Searching by attribute
We cover two use cases here:
- We want to find elements which have a specific attribute, where that attribute can take any value.
- We want to find elements with an attribute having a specific value.
Let's see it in action.
# Continued from above
# Search for anything with a src attribute
>>> srcs = ri.getElementsByType(True, # search for anything with a truthy tag
# - i.e. any tag
attrs="src") # with a src attribute
>>> srcs[0] # getElementsByType method returns a list, so we can index it normally
<script src=*bbc script file*><script>
# Search for any link sending the user to the Homepage
>>> hp_links = ri.getElementsByType("a", attrs={"href":"https://www.bbc.co.uk"})
>>> hp_links[0]
<a href="https://www.bbc.co.uk">Homepage</a>
It's worth noting that the elements we retrieve here are still just BeautifulSoup element.Tag instances.
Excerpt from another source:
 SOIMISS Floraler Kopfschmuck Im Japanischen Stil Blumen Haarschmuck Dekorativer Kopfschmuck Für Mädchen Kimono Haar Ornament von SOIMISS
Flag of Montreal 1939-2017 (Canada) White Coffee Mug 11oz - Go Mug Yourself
So you can still access properties like .text, .attrs etc. if you find that more intuitive.
Adding support for access to child nodes as a method of the ResponseInterpreter class is a #TODO, but for now you can use the BeautifulSoup methods explained in this StackOverflow question.
Intermediate usage
Connecting to REST services
If the service you want to get resources from just requires you to submit a url, you do as above up to rr.getValidate().
But if you need Basic Auth, we've got you covered with the following...
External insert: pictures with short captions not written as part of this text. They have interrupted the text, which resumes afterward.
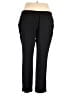 Worthington 100% Polyester Solid Black Dress Pants Size XL - photo 2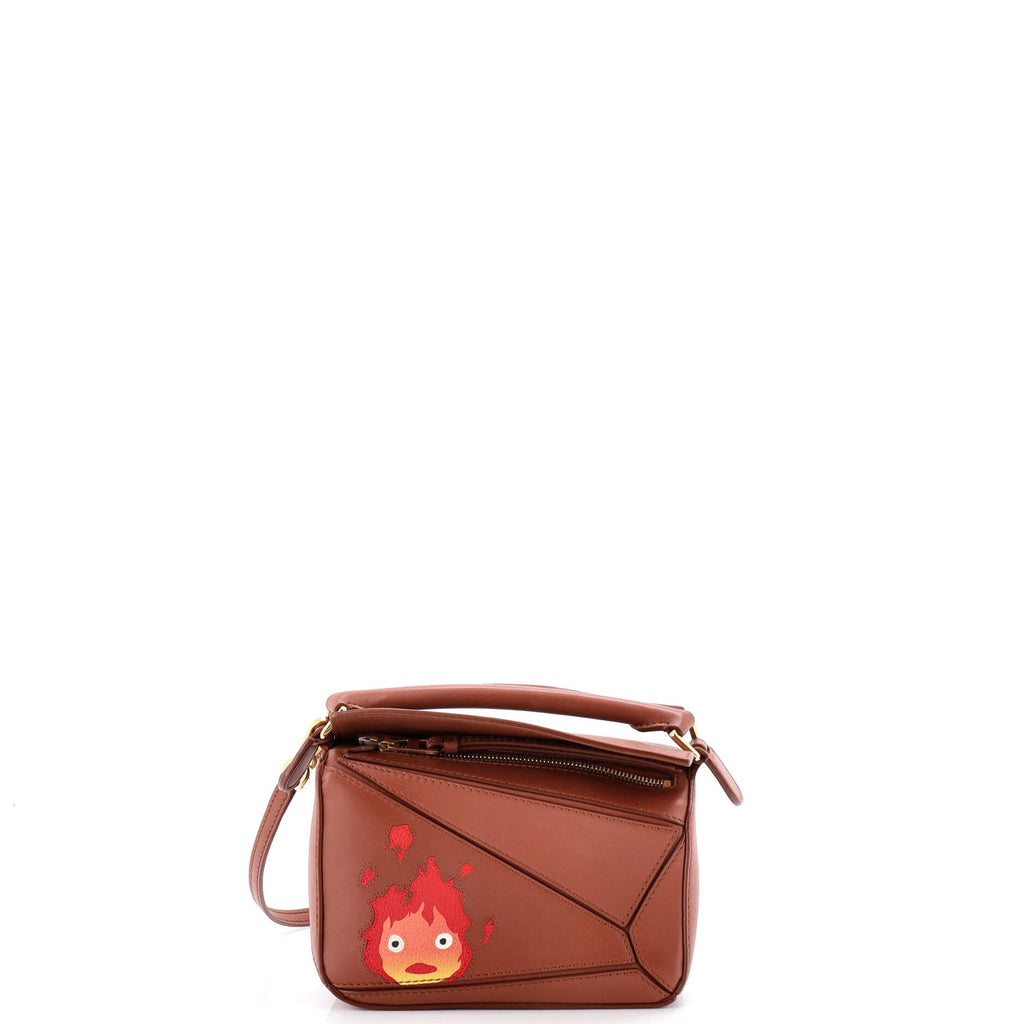 Spirited Away Otori-Sama Puzzle Bag Printed Leather Mini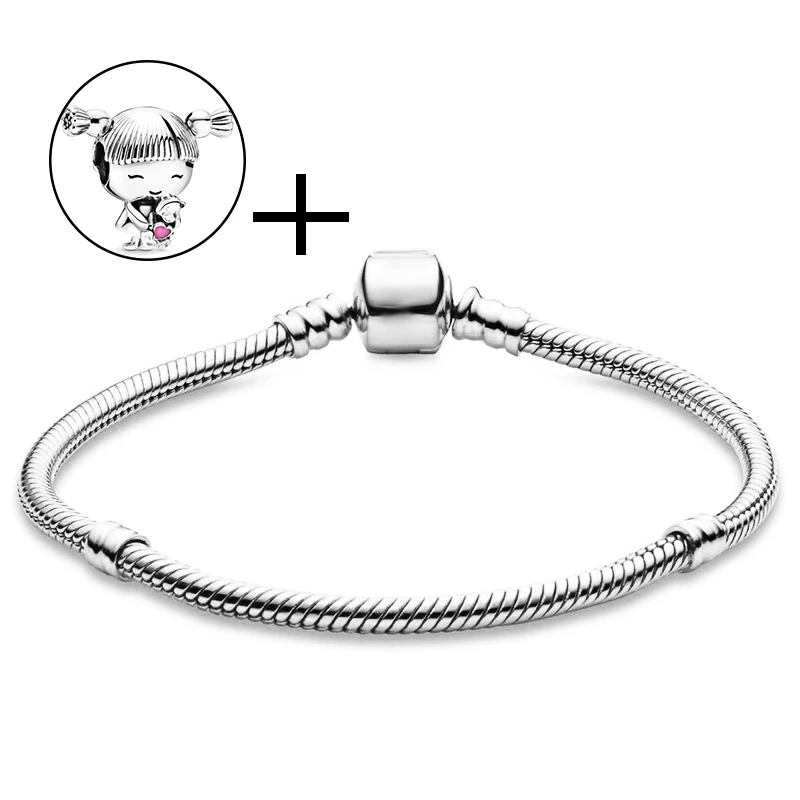Snake Chain charm bracelet Fit Original Beads bracelet jewelry For Women Handmade BUY 1 GET 2 FREE CHARM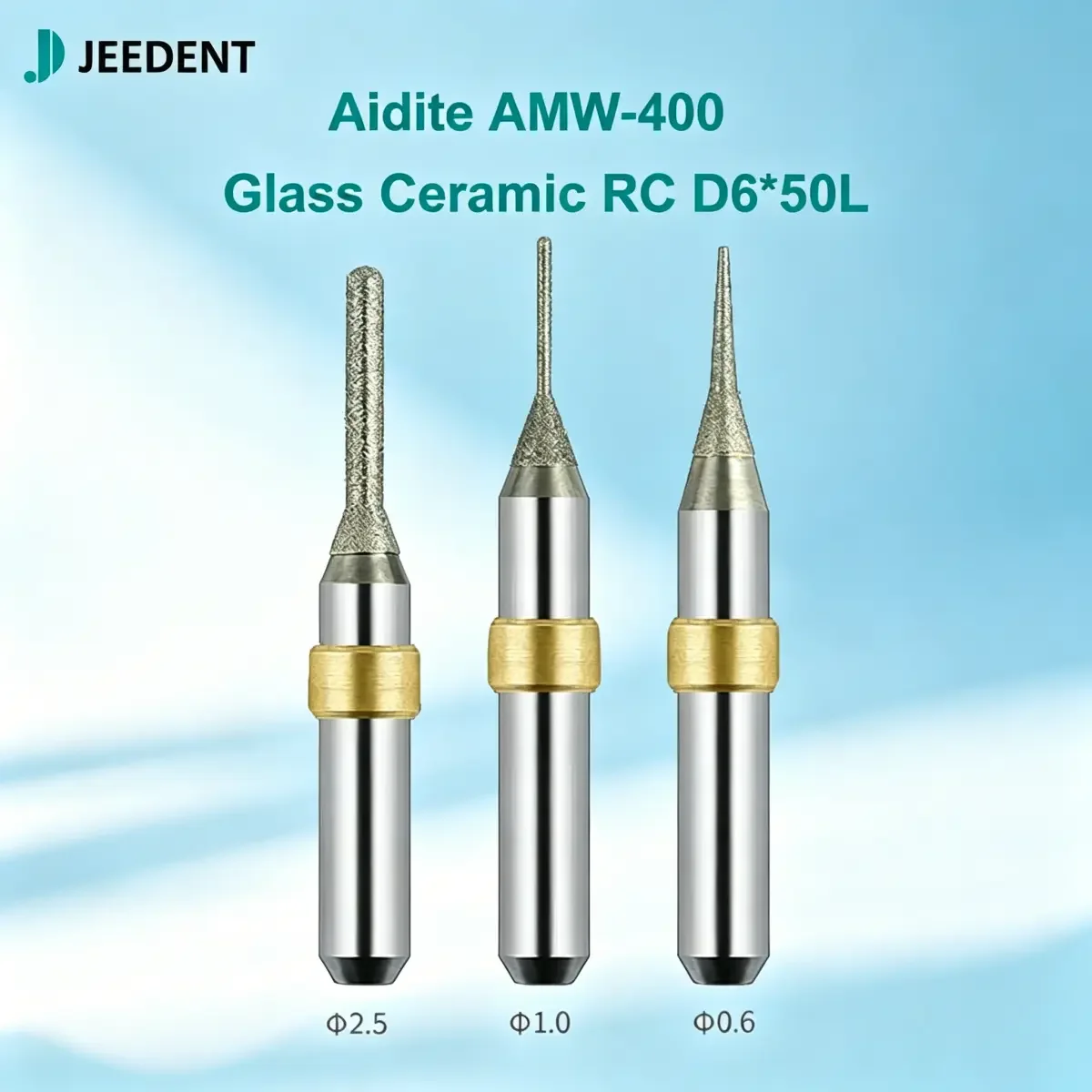 Aidite Milling Burs AMW-400 AMD-500 Lithium Disilicate Grinding CoatingMilling Cutting DrillsFor CAD/CAM Dental Tool
Aidite Milling Burs AMW-400 AMD-500 Lithium Disilicate Grinding CoatingMilling Cutting DrillsFor CAD/CAM Dental Tool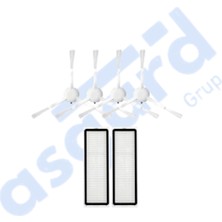 Asgard Grup Dreame F9 Pro Uyumlu 4 Yan Fırça 2 Filtre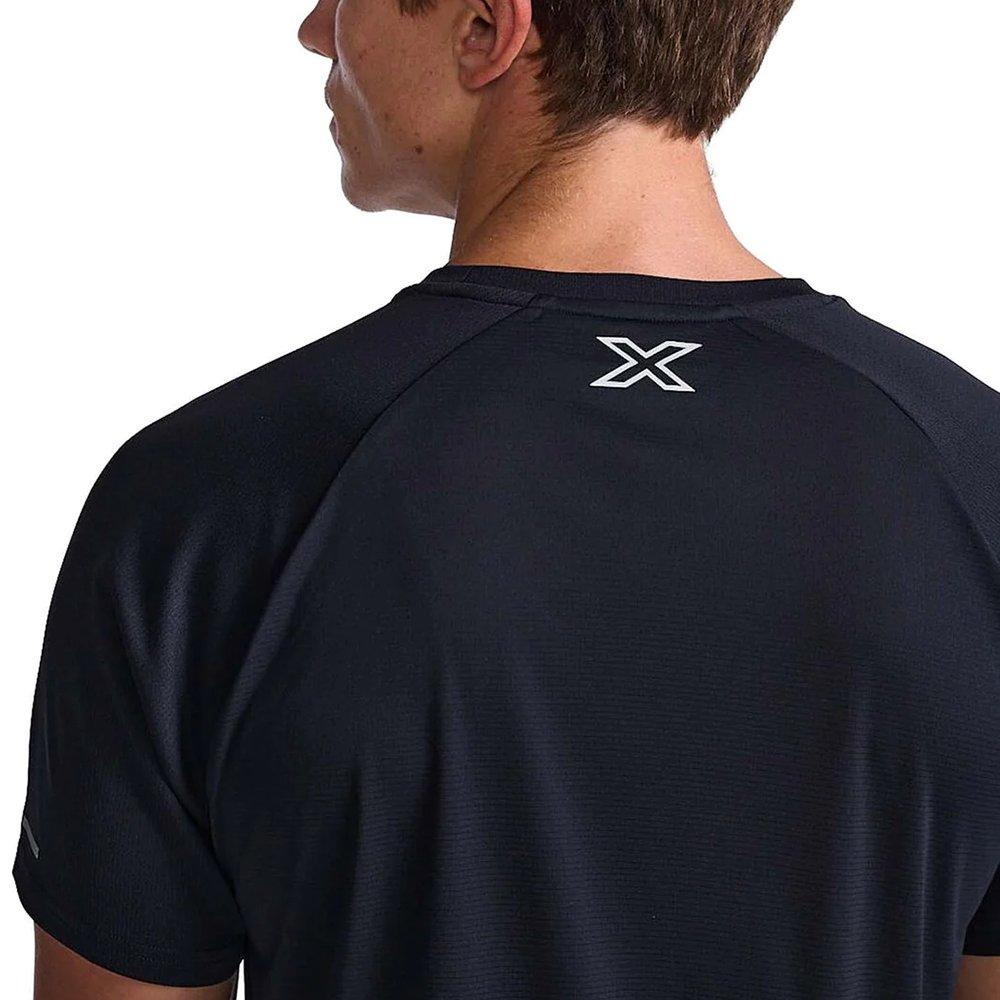 Black/Silver - 2XU - Aero Mens Performance T Shirt - 3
>>> from datagrab.RESTConnect.basicAuth import BasicAuth
>>> from datagrab.retrieve_response.retrieve_response import RetrievedResponse
>>> ba = basicAuth(<my_username>, key=<my_app_key>) # Has attribute .basicAuthHeader
Note that the basicAuth class does not need a key
kwarg to instantiate or be used
successfully. Some REST API's provide non-sensitive data and just require you to encode
your app key as the basic auth username. UK's Companies House API at time of writing
is a good example of this.
Now, we can use the .basicAuthHeader attribute of our ba instance to enhance the RetrievedResponse class.
# Continued from above
# In keyword argument request_kwargs you can, if needed, add other keyword
# arguments to a requests.get call such as proxies or params.
>>> rr = RetrievedResponse(<my_url>, request_kwargs={"headers":ba.basicAuthHeader})
>>> rr.getValidate()
>>> rr.response
<Response [200]>
And that's it!
OAuth support is a #TODO
Interpreting JSON data
Most RESTful services these days return data in JSON format -- unless you're using steam-powered enterprise ERP's and the like, in which case you're still using xml (for which the interpret_html_response examples above should do the job).
from datagrab.interpret_response.interpret_json_response import JsonResponseInterpreter
This example draws on Brian Dew's brilliant example of using the IMF's data api. This query delivers monthly import price index data for the UK between 2010 and 2011.
# Build the url and request the data
>>> url_base = 'http://dataservices.imf.org/REST/SDMX_JSON.svc/'
>>> query = 'CompactData/IFS/M.GB.PMP_IX?startPeriod=2010&endPeriod=2011' # adjust codes here
>>> query_url = url_base+query
>>> rr = RetrievedResponse(query_url)
>>> rr.getValidate()
# instantiate JsonResponseInterpreter
>>> jri = JsonResponseInterpreter(rr.response)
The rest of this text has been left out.